═════ Provided data ═════

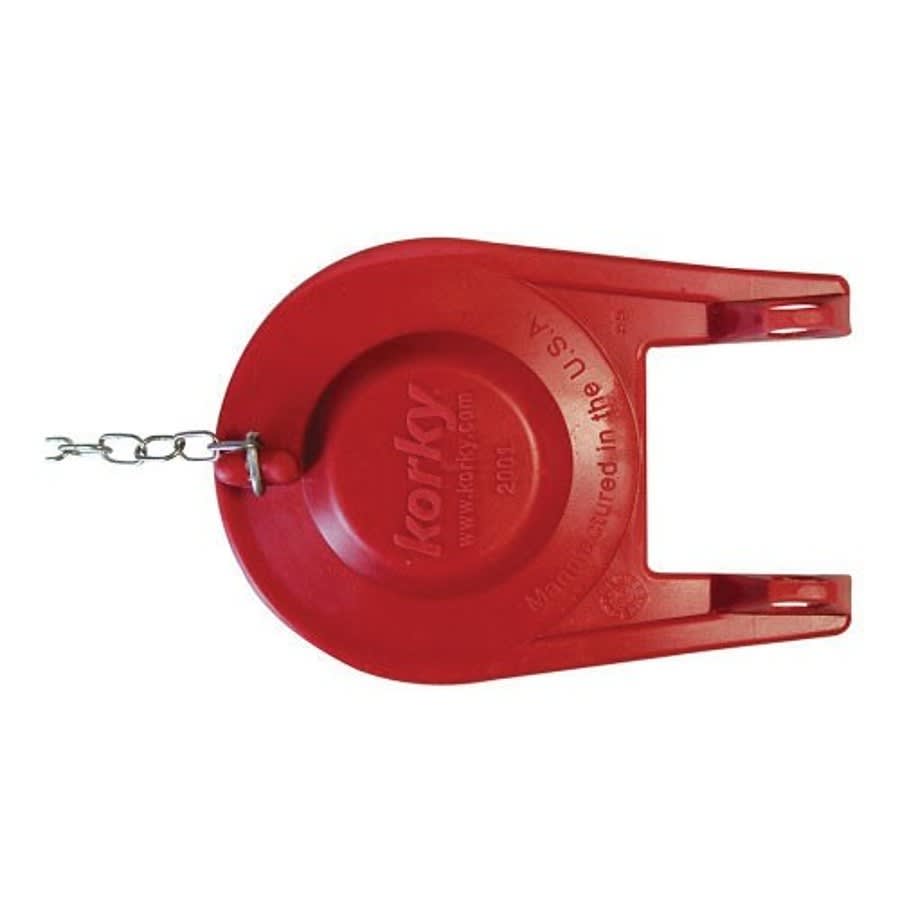 Premium Universal Flapper, Rubber, Red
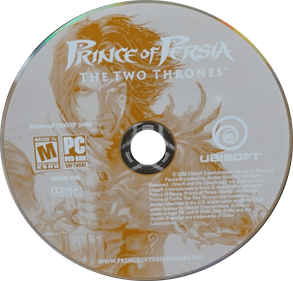Prince of Persia: The Two Thrones - Disc (North America) - 979x936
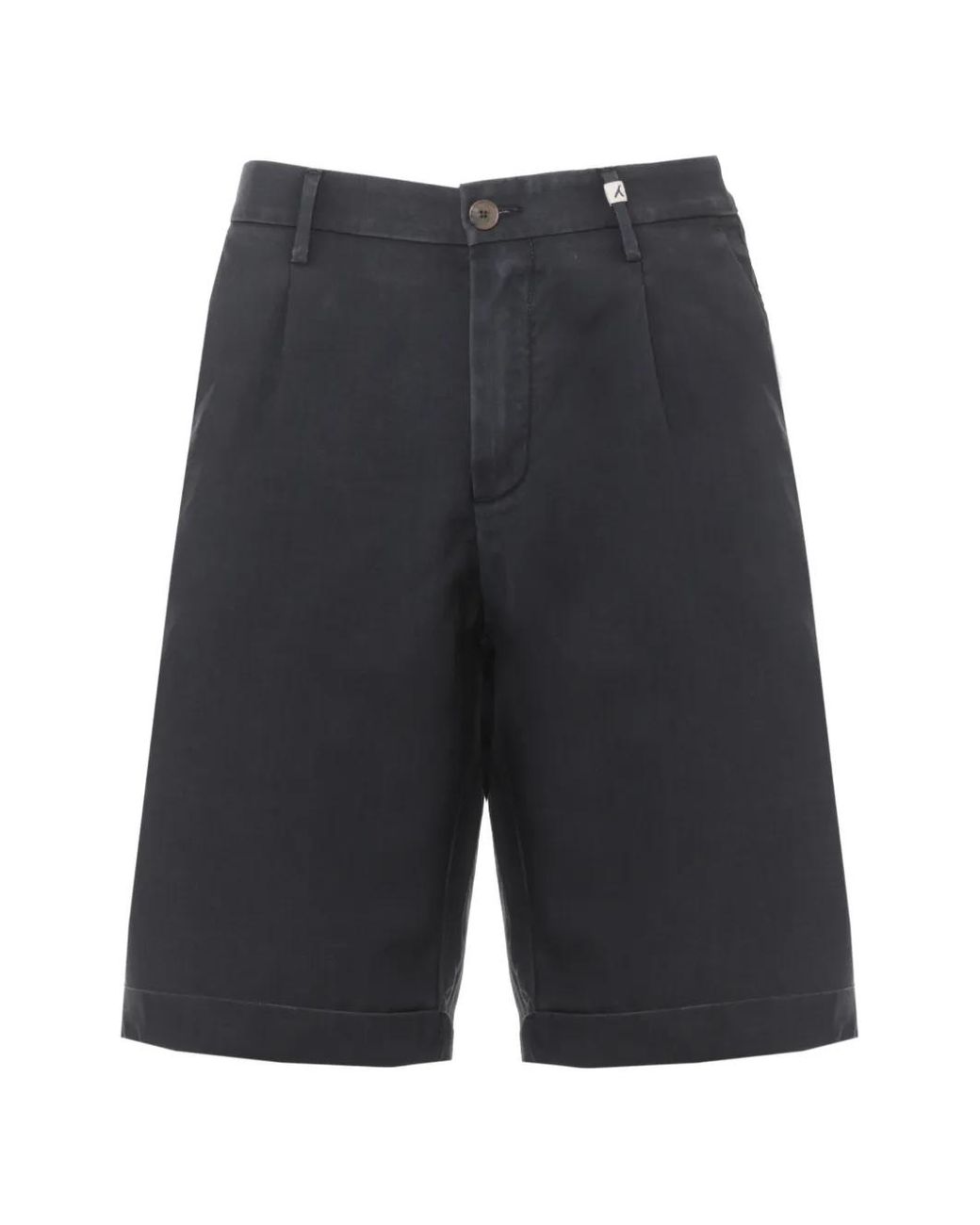 Myths Gray Short Plissé En Laine for men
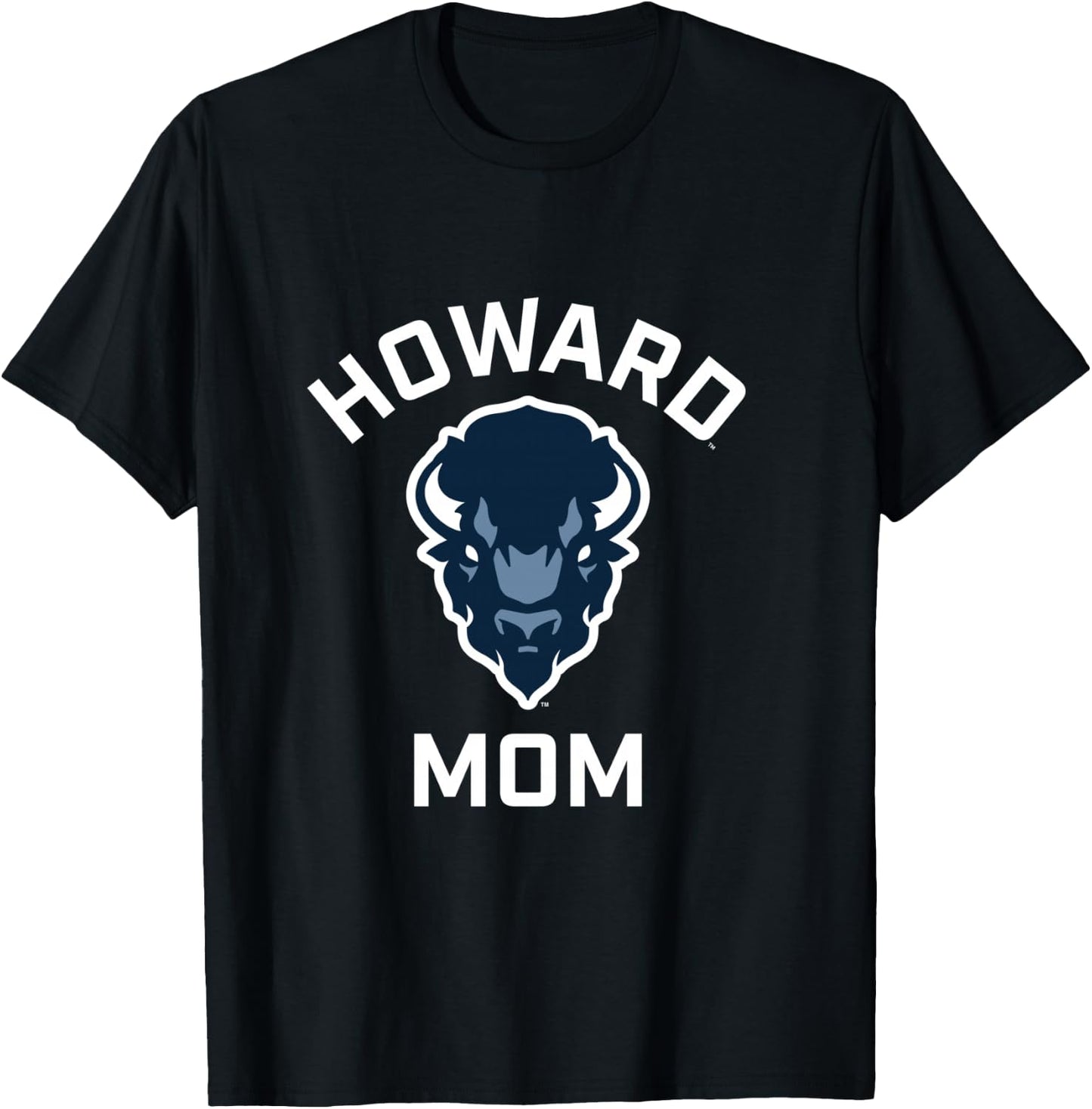 Howard University Bison Arched Mom T-Shirt - T-Shirt | Black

═════

Aim of the exercise
Reproduce the whole listing above character for character; pictures do not belong in it.

Task output
 Premium Universal Flapper, Rubber, Red
Prince of Persia: The Two Thrones - Disc (North America) - 979x936
 Myths Gray Short Plissé En Laine for men
 Howard University Bison Arched Mom T-Shirt - T-Shirt | Black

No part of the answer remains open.